### WHAT THIS TASK INVOLVES
A verbatim copy of the full data, with no pictures, is the expected answer.

── SUPPLIED RECORDS

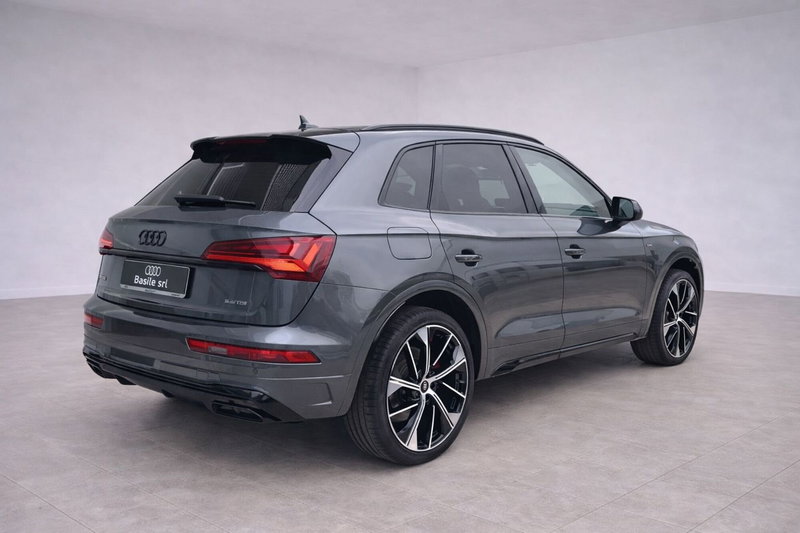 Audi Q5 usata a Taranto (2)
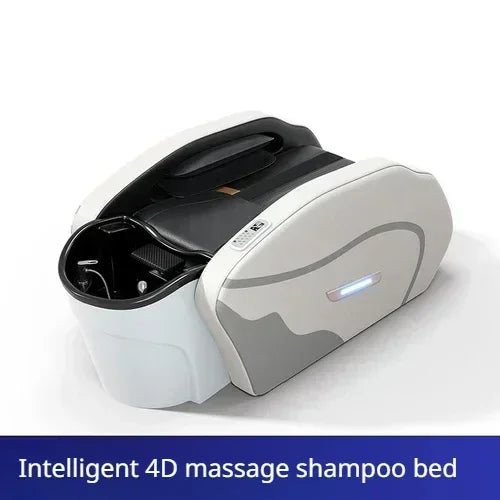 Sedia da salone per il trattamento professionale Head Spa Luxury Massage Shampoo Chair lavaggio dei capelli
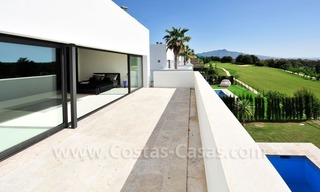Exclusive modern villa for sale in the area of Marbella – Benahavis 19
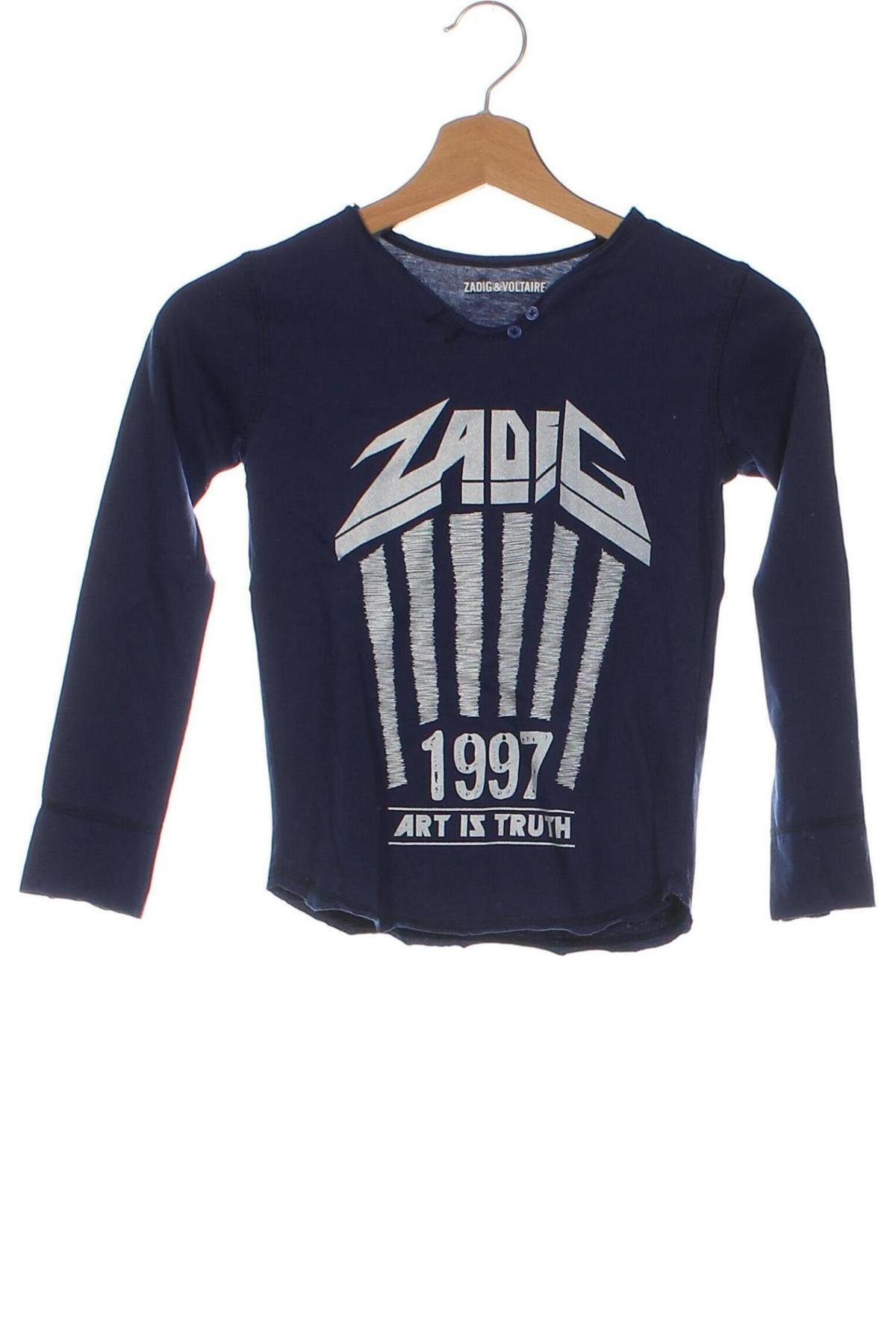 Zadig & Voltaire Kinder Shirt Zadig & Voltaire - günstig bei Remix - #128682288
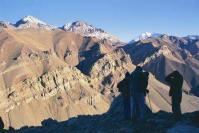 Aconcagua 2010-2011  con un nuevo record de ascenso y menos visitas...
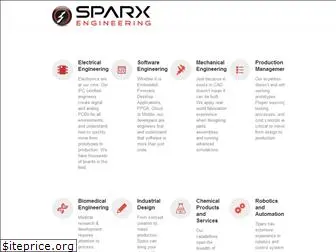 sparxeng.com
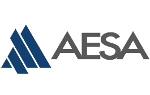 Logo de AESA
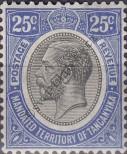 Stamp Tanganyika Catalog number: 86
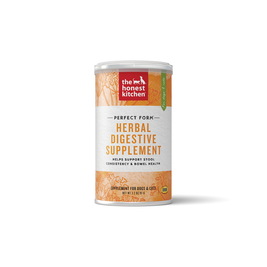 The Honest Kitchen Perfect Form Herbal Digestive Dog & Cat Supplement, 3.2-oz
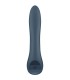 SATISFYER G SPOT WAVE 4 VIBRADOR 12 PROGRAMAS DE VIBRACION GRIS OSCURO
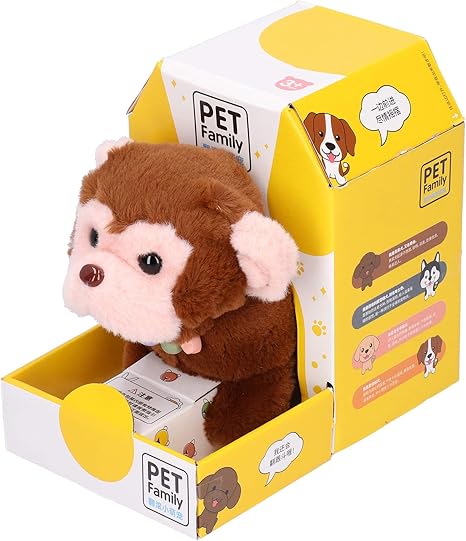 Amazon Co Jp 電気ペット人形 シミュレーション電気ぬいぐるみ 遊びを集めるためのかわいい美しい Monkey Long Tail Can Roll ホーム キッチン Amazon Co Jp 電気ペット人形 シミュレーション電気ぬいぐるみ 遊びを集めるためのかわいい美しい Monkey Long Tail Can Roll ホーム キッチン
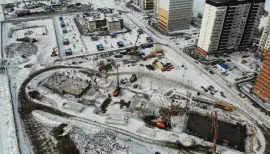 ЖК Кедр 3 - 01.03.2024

────

### RESPONSE AREA
 Audi Q5 usata a Taranto (2)
 Sedia da salone per il trattamento professionale Head Spa Luxury Massage Shampoo Chair lavaggio dei capelli
Exclusive modern villa for sale in the area of Marbella – Benahavis 19
 Zadig & Voltaire Kinder Shirt Zadig & Voltaire - günstig bei Remix - #128682288
 Aconcagua 2010-2011  con un nuevo record de ascenso y menos visitas...
 sparxeng.com
 Logo de AESA
 Stamp Tanganyika Catalog number: 86
 The Honest Kitchen Perfect Form Herbal Digestive Dog & Cat Supplement, 3.2-oz
 SATISFYER G SPOT WAVE 4 VIBRADOR 12 PROGRAMAS DE VIBRACION GRIS OSCURO
 Amazon Co Jp 電気ペット人形 シミュレーション電気ぬいぐるみ 遊びを集めるためのかわいい美しい Monkey Long Tail Can Roll ホーム キッチン Amazon Co Jp 電気ペット人形 シミュレーション電気ぬいぐるみ 遊びを集めるためのかわいい美しい Monkey Long Tail Can Roll ホーム キッチン
 ЖК Кедр 3 - 01.03.2024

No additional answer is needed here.